I have a tendency to make things up, to fabricate them and then later to think they’re true. When I was small I would describe dreams I hadn’t had, and when other people believed me I would end up convincing myself as well. I once told my school friends of a trip to Egypt, a place I had only seen in photographs. Another time I came home panting and told Grandfather and Mother how as I passed through the woods I saw two people cutting down trees and heard them say, “Choose the straight ones because they make good masts.” “I think one of them might have been Gekas,” I added, without thinking what I was saying. Grandfather dressed hurriedly to go to the police and I was obliged, after fifteen minutes of extreme agony and embarrassment, to explain that I had made it all up. As for why I chose Gekas, he had a habit of roaming about the woods, his eyes bulging, his head cleanly shaven. Who knows how long I had been secretly harboring a dislike for him.
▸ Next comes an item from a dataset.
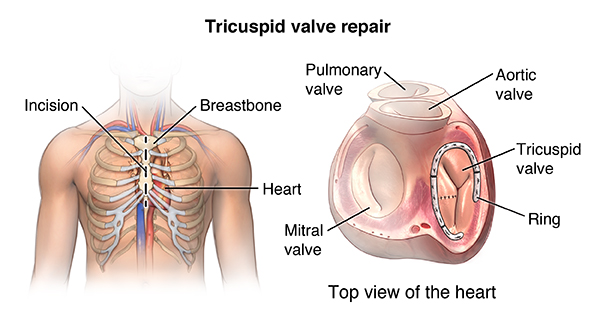 tricuspid valve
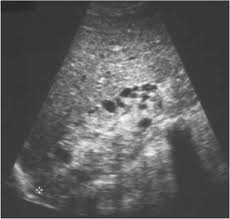 Renal depend on the position of the stone. Chronic Renal Failure Radiology Key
I then went through what they call a big moral crisis. I doubted myself. I, who tried to be worthy, had been proven worthless. I, who admired great deeds, had now done something so base. I would loiter outside of Gekas’s taverna just the way Raskolnikov did outside the old lady’s house, and when I happened to see him pull up three chairs to stretch out on, I made myself stare at his bulging eyes and his shaven head, just for punishment.